---- INFORMATION SHOWN

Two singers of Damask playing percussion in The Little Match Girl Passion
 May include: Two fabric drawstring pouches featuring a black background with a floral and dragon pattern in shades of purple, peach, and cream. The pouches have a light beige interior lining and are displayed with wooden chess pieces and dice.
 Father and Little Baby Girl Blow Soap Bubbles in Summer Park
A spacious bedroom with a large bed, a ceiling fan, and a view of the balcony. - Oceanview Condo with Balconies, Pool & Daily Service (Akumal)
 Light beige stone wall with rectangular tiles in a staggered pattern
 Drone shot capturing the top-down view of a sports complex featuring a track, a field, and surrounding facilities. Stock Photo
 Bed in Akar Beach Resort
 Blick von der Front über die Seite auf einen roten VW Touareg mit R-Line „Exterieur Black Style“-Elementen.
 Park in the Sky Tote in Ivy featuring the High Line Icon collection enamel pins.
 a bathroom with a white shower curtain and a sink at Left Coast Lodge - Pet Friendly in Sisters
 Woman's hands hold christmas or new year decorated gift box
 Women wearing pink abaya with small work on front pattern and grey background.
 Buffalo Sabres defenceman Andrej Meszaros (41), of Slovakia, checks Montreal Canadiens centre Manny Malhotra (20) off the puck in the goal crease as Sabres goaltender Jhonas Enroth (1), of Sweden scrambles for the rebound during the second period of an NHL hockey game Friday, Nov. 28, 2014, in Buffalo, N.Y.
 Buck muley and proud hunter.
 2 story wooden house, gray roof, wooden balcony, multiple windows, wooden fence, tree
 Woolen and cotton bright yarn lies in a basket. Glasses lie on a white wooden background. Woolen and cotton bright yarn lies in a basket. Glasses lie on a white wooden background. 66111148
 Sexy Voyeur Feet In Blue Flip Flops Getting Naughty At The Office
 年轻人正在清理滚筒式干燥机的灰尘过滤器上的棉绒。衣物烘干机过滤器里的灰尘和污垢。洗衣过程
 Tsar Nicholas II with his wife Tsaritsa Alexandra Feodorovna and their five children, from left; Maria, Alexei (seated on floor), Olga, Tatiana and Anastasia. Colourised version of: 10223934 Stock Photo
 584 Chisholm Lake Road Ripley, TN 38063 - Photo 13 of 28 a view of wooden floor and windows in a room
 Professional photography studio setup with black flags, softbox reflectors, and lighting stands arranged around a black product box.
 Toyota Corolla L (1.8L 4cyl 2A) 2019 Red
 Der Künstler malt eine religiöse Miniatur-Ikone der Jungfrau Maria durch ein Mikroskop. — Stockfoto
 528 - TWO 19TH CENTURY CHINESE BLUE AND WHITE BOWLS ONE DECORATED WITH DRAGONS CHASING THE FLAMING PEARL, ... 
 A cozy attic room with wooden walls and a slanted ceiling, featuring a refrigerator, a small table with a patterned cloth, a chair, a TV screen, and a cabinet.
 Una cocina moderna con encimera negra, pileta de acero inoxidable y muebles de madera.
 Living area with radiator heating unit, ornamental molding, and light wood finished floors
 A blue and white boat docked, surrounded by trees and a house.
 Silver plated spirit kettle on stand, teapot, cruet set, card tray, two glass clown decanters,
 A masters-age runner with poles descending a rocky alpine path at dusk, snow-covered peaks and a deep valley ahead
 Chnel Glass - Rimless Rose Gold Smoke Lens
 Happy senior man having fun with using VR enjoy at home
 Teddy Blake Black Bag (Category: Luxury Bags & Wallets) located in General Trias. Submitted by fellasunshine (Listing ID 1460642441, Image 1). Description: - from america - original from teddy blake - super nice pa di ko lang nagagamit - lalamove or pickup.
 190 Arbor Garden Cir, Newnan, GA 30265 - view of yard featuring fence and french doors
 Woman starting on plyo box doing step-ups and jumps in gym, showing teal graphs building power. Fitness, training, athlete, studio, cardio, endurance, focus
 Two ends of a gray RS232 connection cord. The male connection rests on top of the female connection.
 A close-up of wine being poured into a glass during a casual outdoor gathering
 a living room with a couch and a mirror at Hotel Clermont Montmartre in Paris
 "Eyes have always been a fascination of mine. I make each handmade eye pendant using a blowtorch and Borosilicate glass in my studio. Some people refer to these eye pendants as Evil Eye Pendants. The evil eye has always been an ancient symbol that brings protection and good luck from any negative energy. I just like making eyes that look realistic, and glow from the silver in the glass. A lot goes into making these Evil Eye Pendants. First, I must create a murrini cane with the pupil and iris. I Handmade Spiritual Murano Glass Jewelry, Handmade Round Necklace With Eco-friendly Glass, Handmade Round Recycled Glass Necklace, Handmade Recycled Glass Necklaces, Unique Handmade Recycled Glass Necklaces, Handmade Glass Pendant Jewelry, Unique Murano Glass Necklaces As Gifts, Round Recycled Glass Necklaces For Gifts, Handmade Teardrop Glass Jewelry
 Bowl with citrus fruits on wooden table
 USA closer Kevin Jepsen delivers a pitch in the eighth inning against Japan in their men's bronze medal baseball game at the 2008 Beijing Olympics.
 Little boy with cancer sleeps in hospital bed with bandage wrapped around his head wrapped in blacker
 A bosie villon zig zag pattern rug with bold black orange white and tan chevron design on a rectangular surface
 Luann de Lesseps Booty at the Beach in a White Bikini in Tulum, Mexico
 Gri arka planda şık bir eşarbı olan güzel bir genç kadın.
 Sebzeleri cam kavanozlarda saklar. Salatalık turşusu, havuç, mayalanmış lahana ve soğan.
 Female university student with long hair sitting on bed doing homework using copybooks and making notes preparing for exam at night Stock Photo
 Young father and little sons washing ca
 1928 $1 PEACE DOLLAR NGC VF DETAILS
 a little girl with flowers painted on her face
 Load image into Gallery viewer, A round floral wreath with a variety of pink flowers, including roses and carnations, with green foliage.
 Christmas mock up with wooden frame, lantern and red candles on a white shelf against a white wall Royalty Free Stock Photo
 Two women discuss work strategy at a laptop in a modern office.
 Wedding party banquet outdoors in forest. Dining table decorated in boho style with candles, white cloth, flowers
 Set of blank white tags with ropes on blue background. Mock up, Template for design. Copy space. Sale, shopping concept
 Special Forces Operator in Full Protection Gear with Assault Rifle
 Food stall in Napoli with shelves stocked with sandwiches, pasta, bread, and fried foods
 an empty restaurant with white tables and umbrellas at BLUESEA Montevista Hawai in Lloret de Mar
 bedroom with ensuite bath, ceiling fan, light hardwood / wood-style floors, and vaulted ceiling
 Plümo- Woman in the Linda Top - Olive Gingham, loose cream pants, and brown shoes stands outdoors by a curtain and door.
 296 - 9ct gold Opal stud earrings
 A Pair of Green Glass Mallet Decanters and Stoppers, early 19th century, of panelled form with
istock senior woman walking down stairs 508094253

--------

- [WORK TASK]:
Everything above from the line containing "Women wearing pink" through the line containing "Der Künstler malt" must be copied exactly. Nothing outside that range belongs in the answer.

- [TASK RESULT]:
 Women wearing pink abaya with small work on front pattern and grey background.
 Buffalo Sabres defenceman Andrej Meszaros (41), of Slovakia, checks Montreal Canadiens centre Manny Malhotra (20) off the puck in the goal crease as Sabres goaltender Jhonas Enroth (1), of Sweden scrambles for the rebound during the second period of an NHL hockey game Friday, Nov. 28, 2014, in Buffalo, N.Y.
 Buck muley and proud hunter.
 2 story wooden house, gray roof, wooden balcony, multiple windows, wooden fence, tree
 Woolen and cotton bright yarn lies in a basket. Glasses lie on a white wooden background. Woolen and cotton bright yarn lies in a basket. Glasses lie on a white wooden background. 66111148
 Sexy Voyeur Feet In Blue Flip Flops Getting Naughty At The Office
 年轻人正在清理滚筒式干燥机的灰尘过滤器上的棉绒。衣物烘干机过滤器里的灰尘和污垢。洗衣过程
 Tsar Nicholas II with his wife Tsaritsa Alexandra Feodorovna and their five children, from left; Maria, Alexei (seated on floor), Olga, Tatiana and Anastasia. Colourised version of: 10223934 Stock Photo
 584 Chisholm Lake Road Ripley, TN 38063 - Photo 13 of 28 a view of wooden floor and windows in a room
 Professional photography studio setup with black flags, softbox reflectors, and lighting stands arranged around a black product box.
 Toyota Corolla L (1.8L 4cyl 2A) 2019 Red
 Der Künstler malt eine religiöse Miniatur-Ikone der Jungfrau Maria durch ein Mikroskop. — Stockfoto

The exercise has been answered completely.